> [Exercise details]: Only an exact copy of the entries, stripped of pictures, will serve as the answer.

> [Data excerpts]:
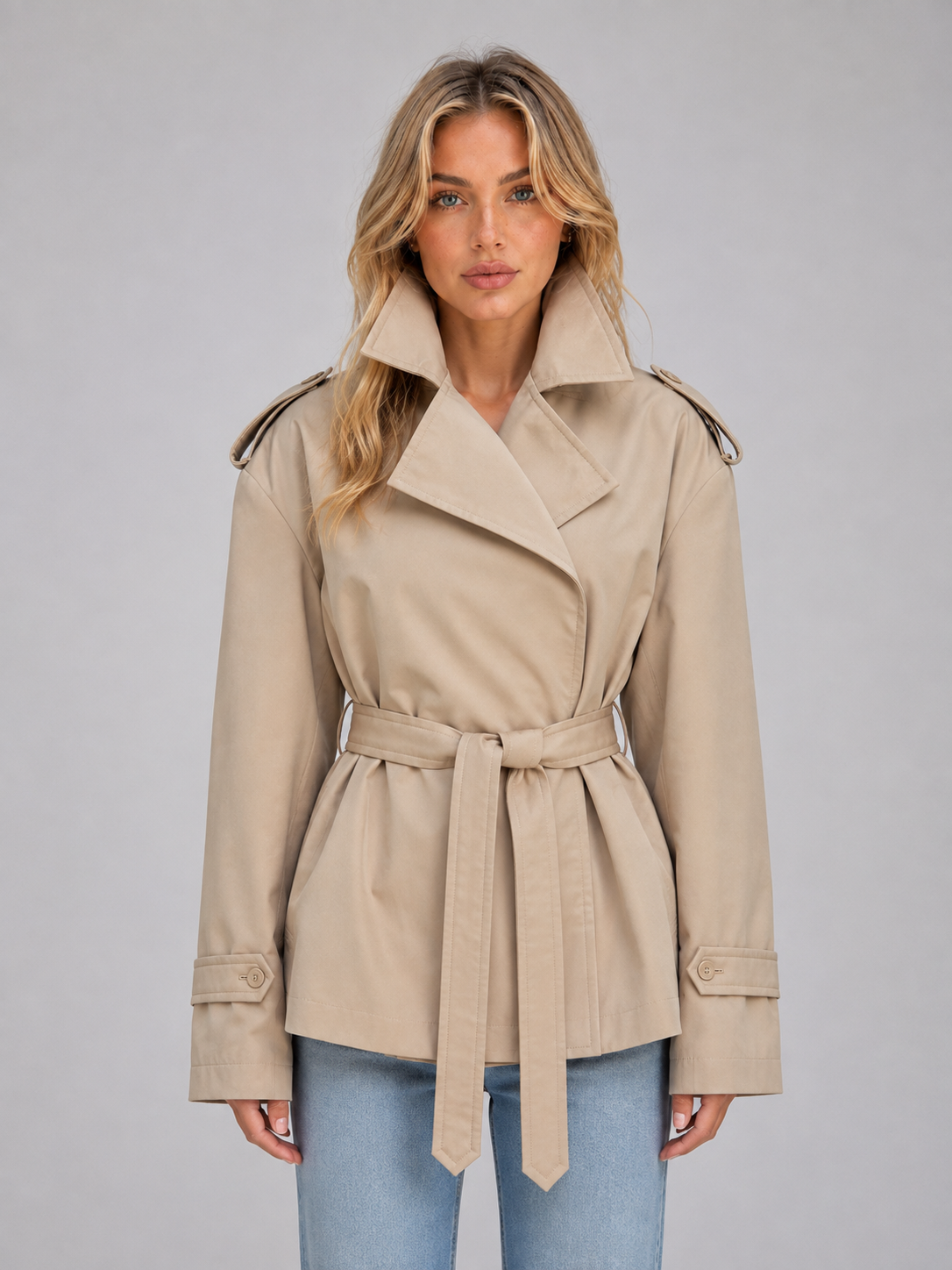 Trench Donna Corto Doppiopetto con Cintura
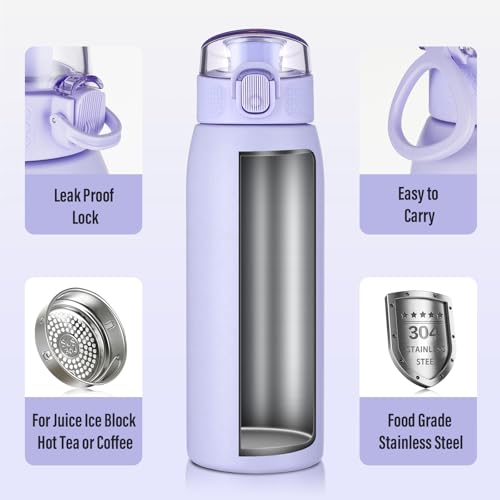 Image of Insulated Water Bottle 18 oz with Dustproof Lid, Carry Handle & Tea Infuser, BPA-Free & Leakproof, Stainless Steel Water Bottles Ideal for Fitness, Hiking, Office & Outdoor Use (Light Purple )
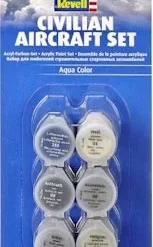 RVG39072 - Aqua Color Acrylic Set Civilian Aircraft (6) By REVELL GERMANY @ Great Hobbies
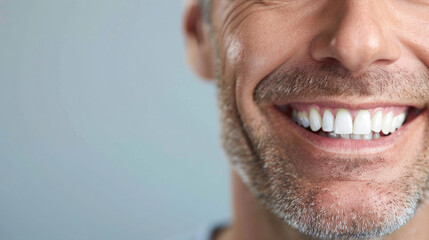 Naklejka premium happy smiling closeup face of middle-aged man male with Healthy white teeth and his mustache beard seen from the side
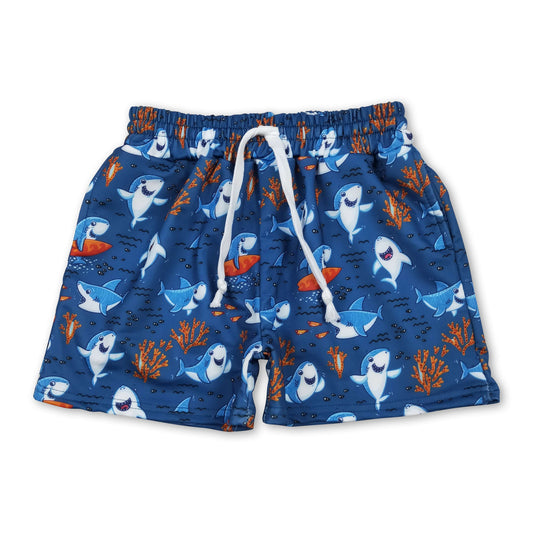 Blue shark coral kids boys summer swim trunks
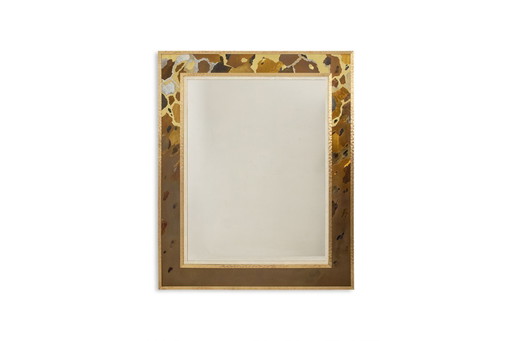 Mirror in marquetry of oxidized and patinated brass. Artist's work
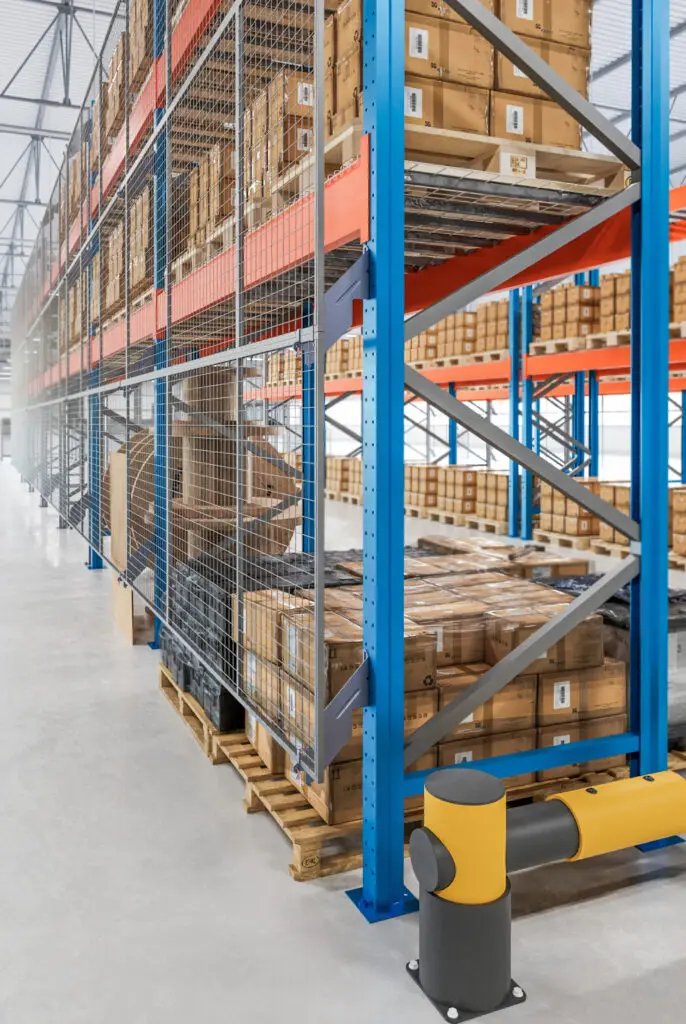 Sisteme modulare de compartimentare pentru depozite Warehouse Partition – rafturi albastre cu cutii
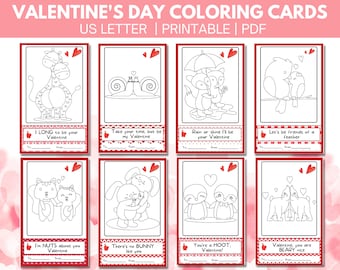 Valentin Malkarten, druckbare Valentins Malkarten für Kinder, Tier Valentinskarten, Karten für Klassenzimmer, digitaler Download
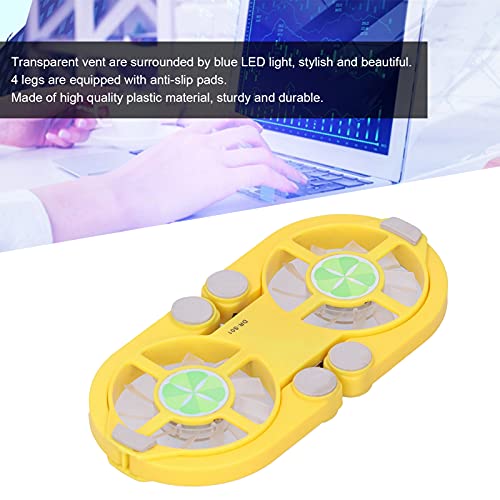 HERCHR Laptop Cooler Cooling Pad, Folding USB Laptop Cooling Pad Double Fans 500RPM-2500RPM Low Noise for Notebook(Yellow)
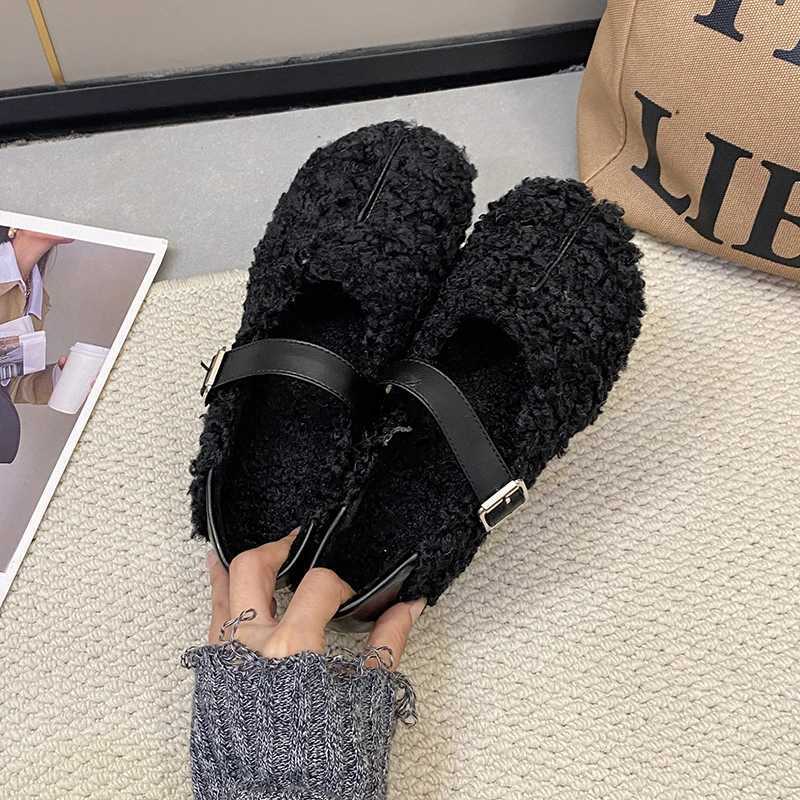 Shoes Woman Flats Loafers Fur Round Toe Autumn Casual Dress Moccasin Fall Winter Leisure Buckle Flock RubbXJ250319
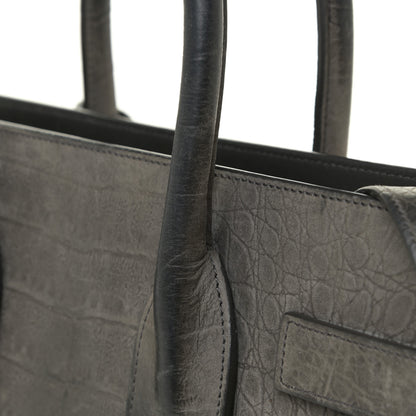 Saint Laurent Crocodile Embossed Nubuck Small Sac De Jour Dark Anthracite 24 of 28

> [Your solution]:
 Trench Donna Corto Doppiopetto con Cintura
 Image of Insulated Water Bottle 18 oz with Dustproof Lid, Carry Handle & Tea Infuser, BPA-Free & Leakproof, Stainless Steel Water Bottles Ideal for Fitness, Hiking, Office & Outdoor Use (Light Purple )
 RVG39072 - Aqua Color Acrylic Set Civilian Aircraft (6) By REVELL GERMANY @ Great Hobbies
 Naklejka premium happy smiling closeup face of middle-aged man male with Healthy white teeth and his mustache beard seen from the side
 Blue shark coral kids boys summer swim trunks
 Mirror in marquetry of oxidized and patinated brass. Artist's work
 Sisteme modulare de compartimentare pentru depozite Warehouse Partition – rafturi albastre cu cutii
 Valentin Malkarten, druckbare Valentins Malkarten für Kinder, Tier Valentinskarten, Karten für Klassenzimmer, digitaler Download
 HERCHR Laptop Cooler Cooling Pad, Folding USB Laptop Cooling Pad Double Fans 500RPM-2500RPM Low Noise for Notebook(Yellow)
 Shoes Woman Flats Loafers Fur Round Toe Autumn Casual Dress Moccasin Fall Winter Leisure Buckle Flock RubbXJ250319
 Saint Laurent Crocodile Embossed Nubuck Small Sac De Jour Dark Anthracite 24 of 28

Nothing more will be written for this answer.